Sunday, March 30, 2014

RECALLING A MORE CIVILIZED TIME, AT LEAST FOR SOME

George F. Kennan, The Kennan Diaries, edited by Frank Costigliola (New York: Norton, 2014) (December 20, 1927: "Reading Die Buddenbrooks (Thomas Mann), this Forsyte Saga of old Lubeck, I cannot help but regret that I did not live fifty or a hundred years sooner. Life is too full in these times to be comprehensible. We know too many cities to be able to grow into an of them, and our arrivals and departures are no longer matters for emotional debauches, for they are too common.
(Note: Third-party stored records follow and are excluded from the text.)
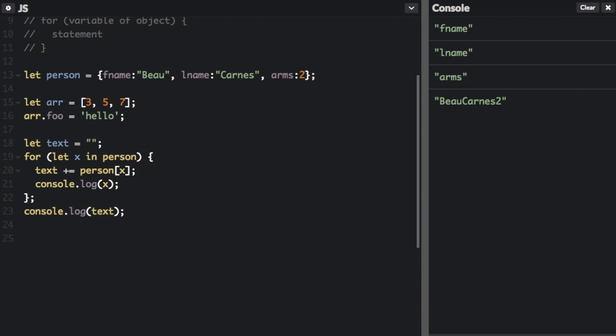Now the for of loop will not work on person because person is not iterable. The for in loops through enumerable properties while for of loops through iterable objects such as array, map, and set. So let's just give you an example.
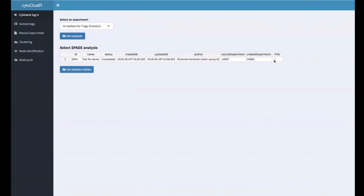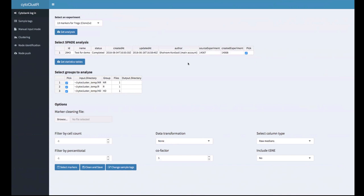Here we have one SPADE analysis and we select it by clicking the large box. By pressing 'get statistics tables,' Cytocluster contacts Cytobank and retrieves, downloads, and unzips all the files from Cytobank for this particular SPADE run. It retrieves the three groups — one file per patient for each group. We pick all three to analyze them and compare across different conditions.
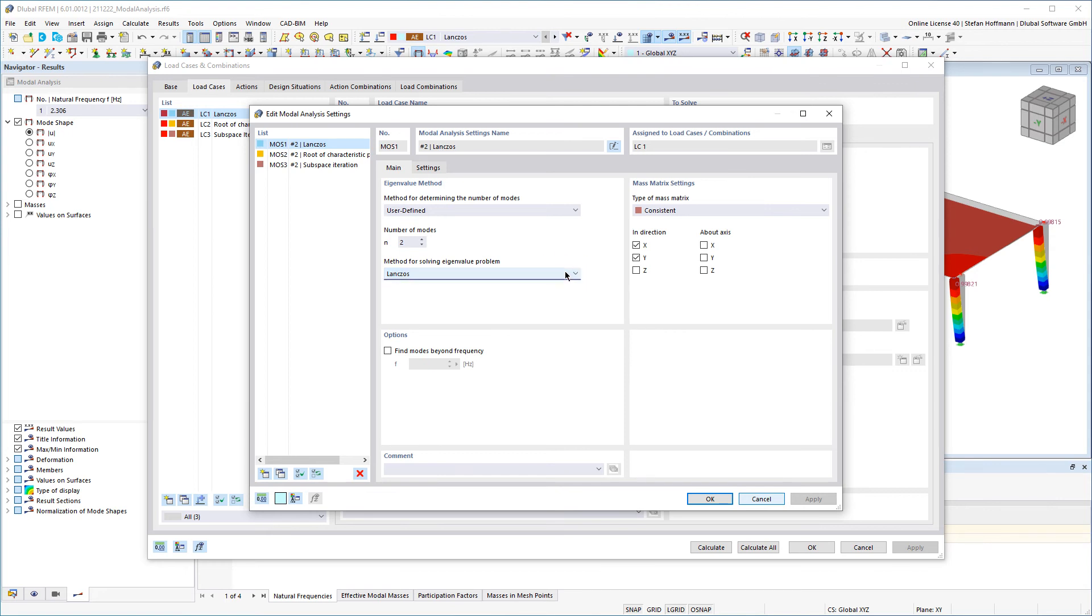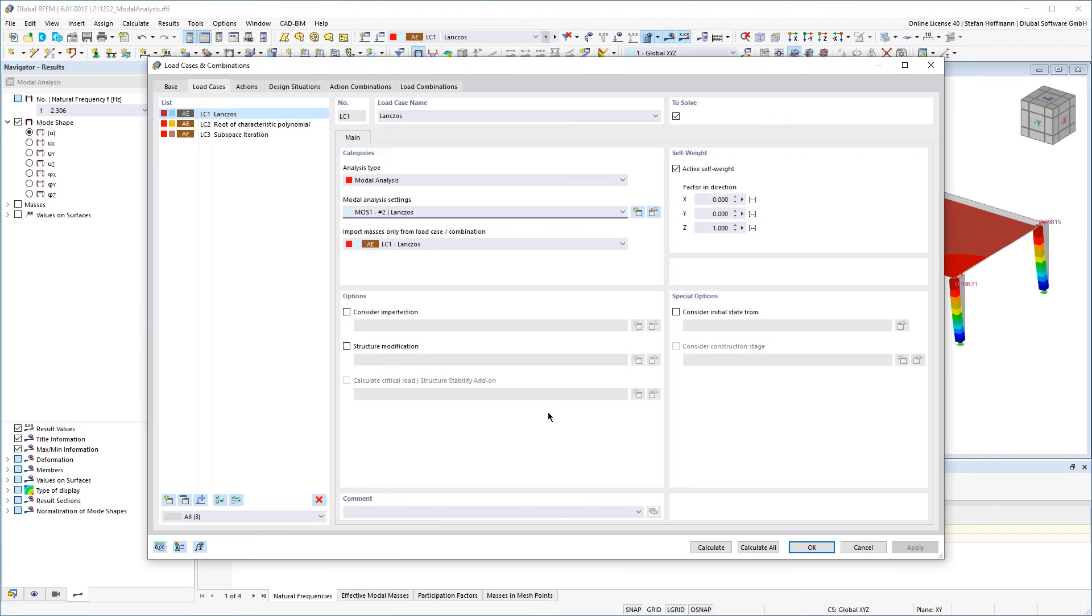The selection depends on the size of the system to be considered and is more a question of performance than accuracy. The methods are all suitable for determining exact eigenvalues.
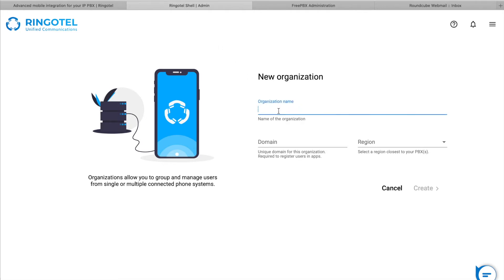Let's start by entering the organization's name. Next, come up with a unique domain for this organization, which is required to register users with their RingoTel apps.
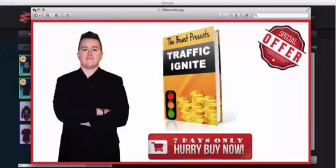And right now you can get Springly for literally less than half off the normal price, thanks to JVZoo's pick of the day. So go ahead and click the add to cart button now to lock in your discount.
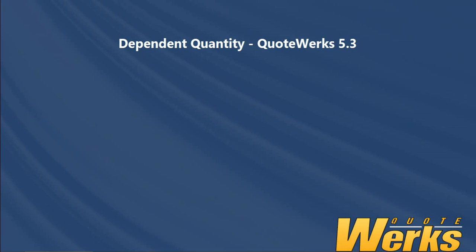Hi, my name is Matt Rose and I'm the QuoteWorks MVP for 2017. In this video, we'll be having a look at how to set dependent quantities, which is a new QuoteWorks 5.3 feature.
Similarly, we have too many friends to have any real friendships, too many books to know any of them well, and the quality of our impressions gives way to the quantity, so that life begins to seem like a movie, with hundreds of kaleidoscopic scenes flashing on and off field of perception, gone before we have time to consider them," "I should like to have lived in the days when a visit was a matter of months, when political and social problems were regarded from simple standpoints called 'liberal' and 'conservative,' when foreign countries were still foreign, when a vast part of the world always bore the glamour of the great unknown, when there were still wars worth fighting and gods worth worshiping." Id. at 46-47. Reread this diary entry but place it in the context of our goolge-ized, youtube-ized, twitter-ized, facebook-ized, global media-ized, etc., twenty-first-century lives. Are we living lives, or merely existing, merely occupying time, space? It takes time to be and act civilized. And, in an age on instant gratification, obsessive self-love, and gross consumerism, we have no time to take time to be and act civilized. Also, see Fareed Zakaria, "'A Guest of My Time'," NYT Book Review, Sunday, 2/23/2014.).

Thursday, March 27, 2014

IS IT IMMORAL TO EAT A CHOCOLATE BAR?

The original intent for today's blog posting was "Spring Quarter Suggested Readings For Law Students,"where ten or so books were to be listed. In reading Stephen Emmott's book (see below), however, I have concluded there is one, and only one, problem that renders all other problems minor. If we don't address and solve the problem of climate change there is no need to address other social, political and legal problems. Why, because, as Emmott notes, we will have fucked ourselves already. Thus, instead of a list of books to read for the spring quarter, might I suggest reading just one book . . . and, then, thinking long and hard about what you are going do, how you are going to change, how you are going to consume far, far, far less, thinking about what the rules, regulations, and laws would have to be, etc., so as not to fuck future generations. That is, if it is not too late already.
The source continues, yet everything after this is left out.